Background and Education
Colin Larkin was born in Dagenham in 1949 in an area of Essex that was largely populated by workers in the car industry. Although the post-war years proved lucrative for the Ford motor company, Larkin was raised in relative poverty in the largest area of council housing in the United Kingdom, in the suburbs that surrounded the Ford plant. The Becontree estate in Dagenham began as a conglomeration of 27,000 "homes for heroes", and had no recognisable town centre.

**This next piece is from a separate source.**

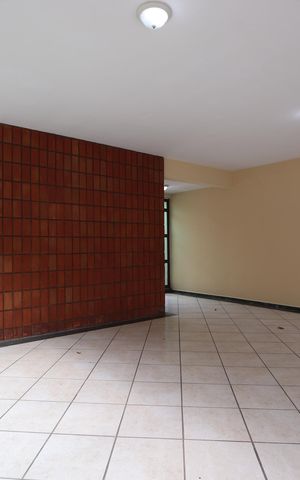 Casa à venda com 200m², 3 quartos e 3 vagasGaragem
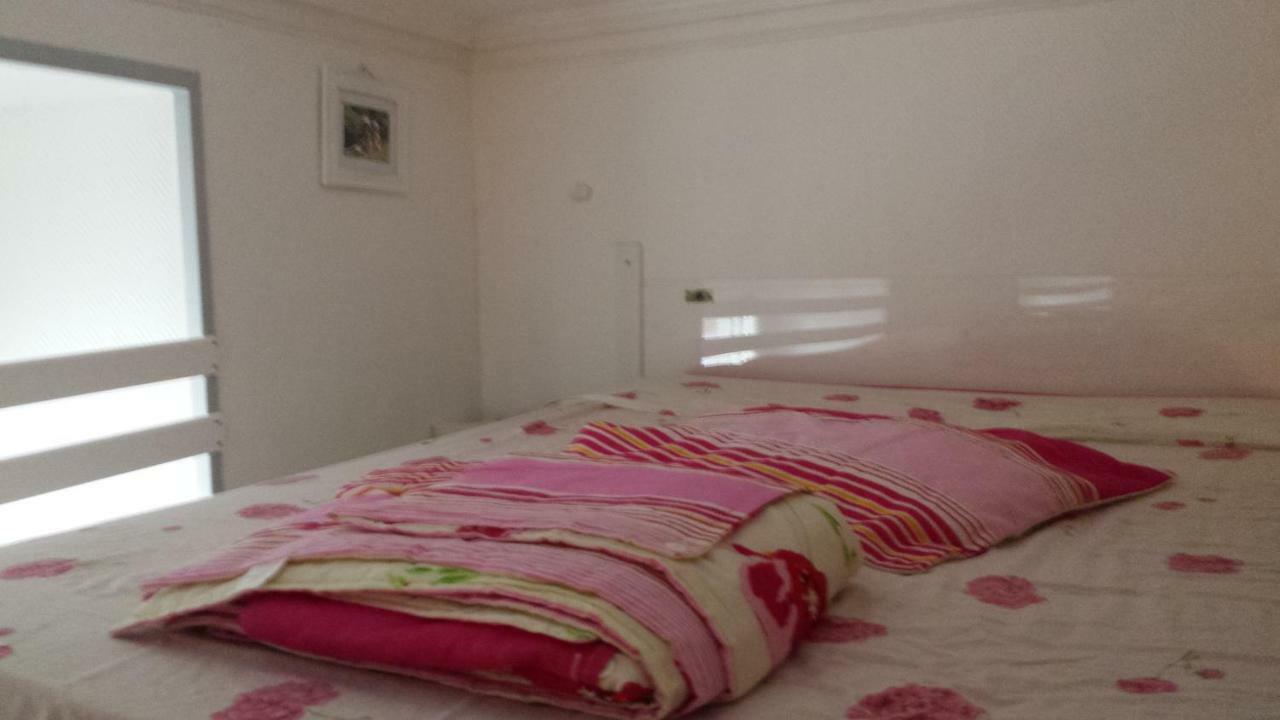 Coquet Studio En Mezzanine Nuit Pour 2 Personnes Saint-Girons  Exterior foto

Larkin spent much of his early childhood attending the travelling fair where his father, who worked by day as a plumber for the council, moonlighted on the waltzers to make ends meet. It was in the fairground, against a background of Little Richard on the wind-up 78 rpm turntables, that Larkin acquired his passion for the world of popular music, and a taste for exotic pattern and vivid colour, which would re-surface in later years in books on Islamic Art and Architecture, and Oriental rugs.

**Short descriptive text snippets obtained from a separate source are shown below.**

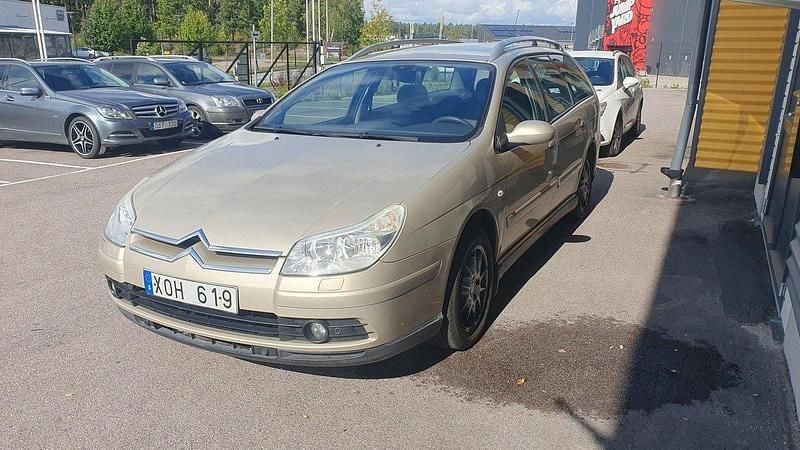 Brun Begagnad 2006 Citroën C5 Kombi | 15 000 kr (Marknadspris) - Bild 1/4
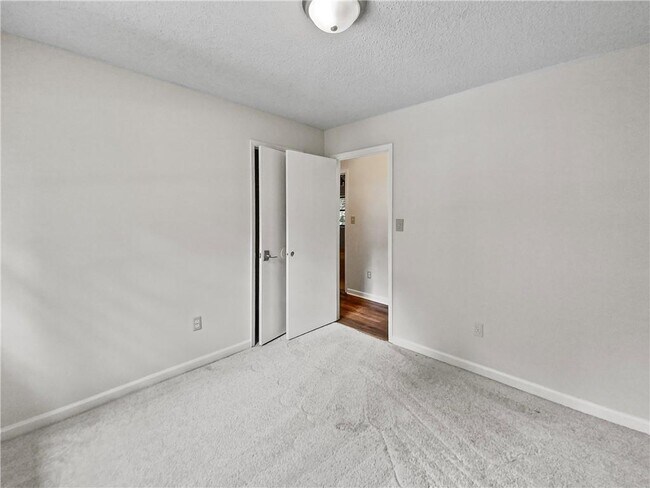 Building Photo - 4698 Jamerson Creek Dr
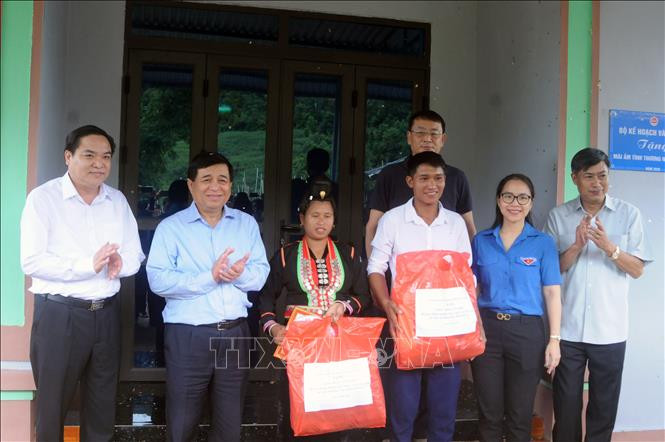 Bộ trưởng Bộ Kế hoạch và Đầu tư Nguyễn Chí Dũng và Bí thư tỉnh ủy Sơn La Nguyễn Hữu Đông tặng quà cho các hộ nghèo, hoàn cảnh khó khăn huyện Sốp Cộp. Ảnh: Quang Quyết-TTXVN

In the 1950s Larkin attended the South East Essex County Technical High School following which, under his own initiative he obtained an apprenticeship as a commercial artist, enabling him to take a sandwich course at the London College of Printing (now the London College of Communication). There he studied typography and book design. and was influenced by the typeface designer Eric Gill, who is associated with the Arts and Crafts movement.